Connected Health 2015: Penn Medicine BYOD policy balances data protection, user privacy

When developing a bring-your-own-device policy, Penn Medicine had to respond to the need for seamless integration between professional and personal use of the tools, according to Neha Patel, M.D., director of mobile strategy and applications.

The Philadelphia-based health system needed to ensure that patient and hospital information on the device was secured, but also that employees had the peace of mind that their own information wouldn't be accessed by the health system, Patel said during this week's Connected Health Conference in Maryland.

"We wanted to manage and minimize mobile risk," she said. "These devices are small, they can get lost or stolen, and we have a lot of Penn Medicine corporate data in the apps."

When a health system starts thinking about a BYOD policy, it needs to figure out how to balance information protection with personal user privacy, Patel said.

"One goal that every institution should have is that information protection requirements must remain consistent throughout the spectrum, regardless of who is financially responsible for that smartphone," she said. "You don't want any grey lines, like 'because yours is a personal device, it's OK if your data isn't protected as much as we protect corporate-assigned phones.'"

At Penn Medicine, people who wanted to use their own phones were especially protective about their personal texts and pictures, Patel said.

To solve that issue, the health system looked to containerization, where personal apps could be separated on a device from corporate ones through the mobile device management system. That allows the enterprise to have complete control of the business apps, but no access to personal apps, Patel said.

While containerization has many strengths, it also has a lot of weaknesses, she said.

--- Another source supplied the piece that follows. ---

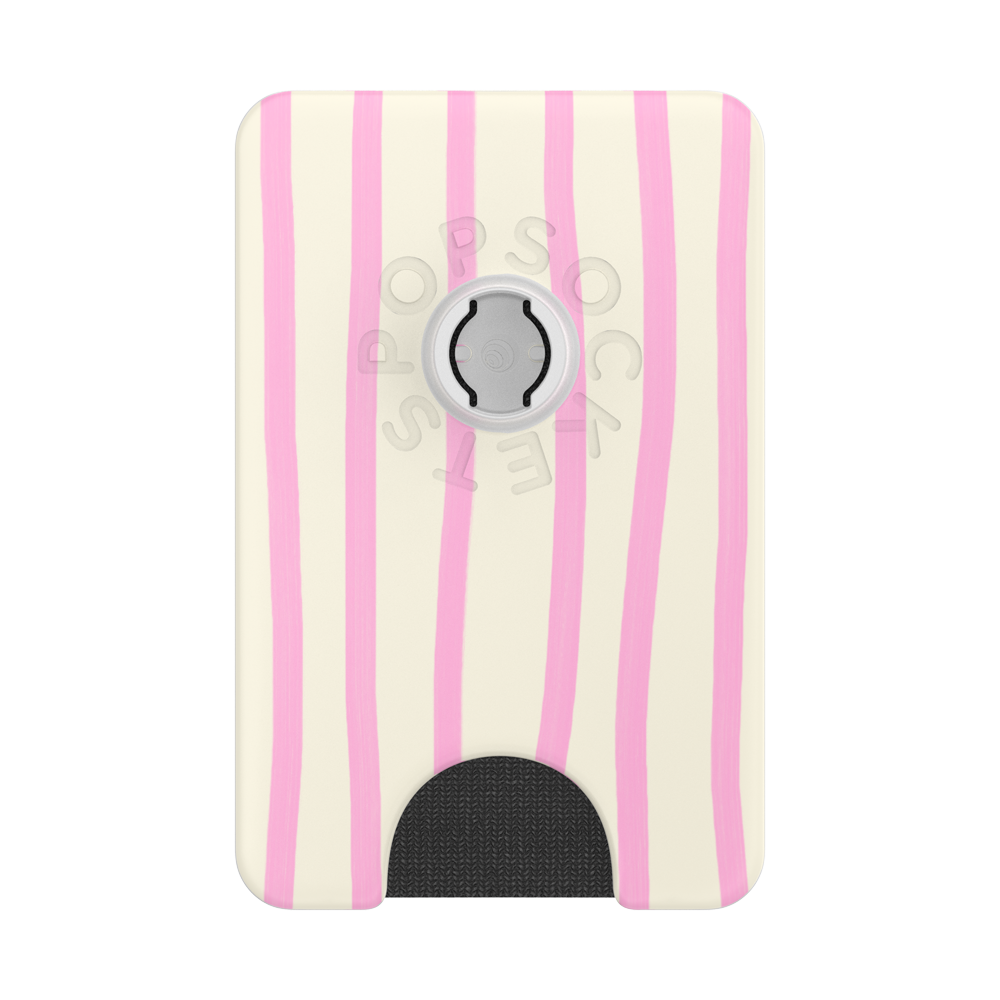 Strawberry Lemonade — MagSafe PopWallet+ - US 02434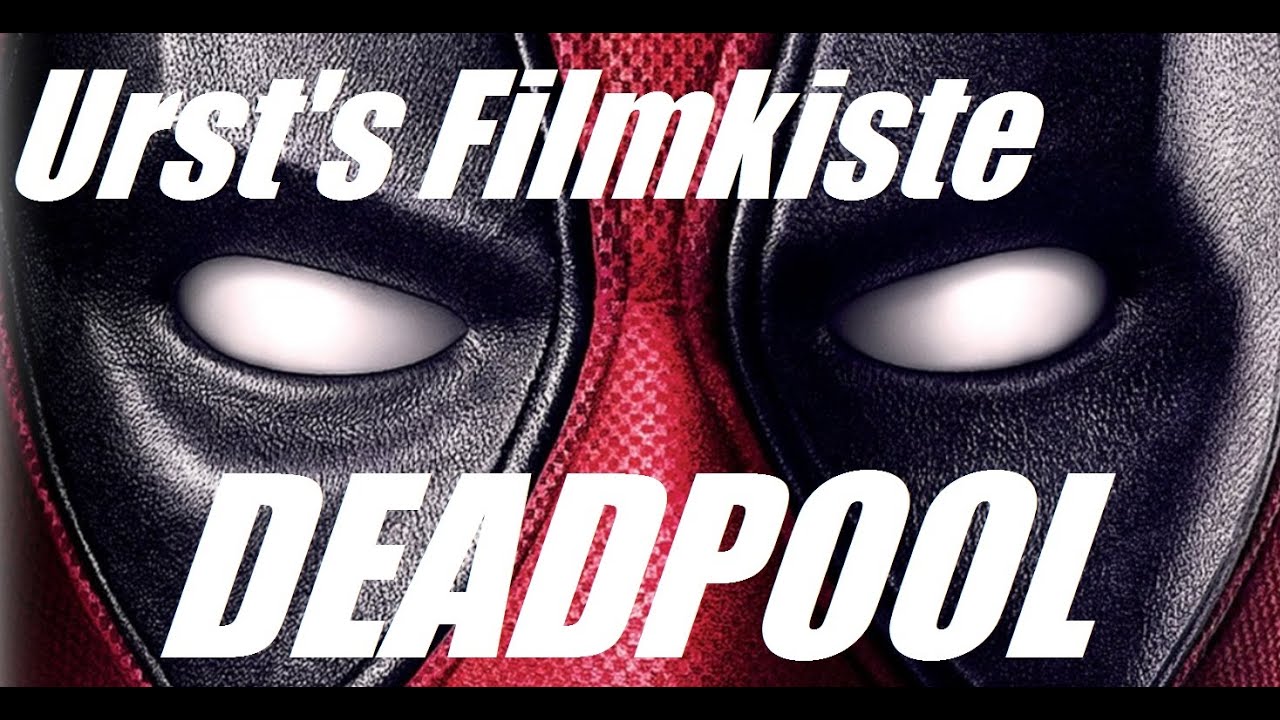 Filmkiste Filmkiste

One, for instance, is that users don't like having to switch between the container and main user screens. Administrators were especially against this function, because they didn't separate work apps from personal apps. However, Patel said, clinicians preferred having their personal and corporate lives on their phones separate.

"They liked the idea of going home and thinking 'My work apps remain my work apps, and my personal phone is my personal phone,'" she said.

The containerization option was an added cost, but "financially, we thought that was beneficial when you compared the risk" of having a device be compromised," Patel said.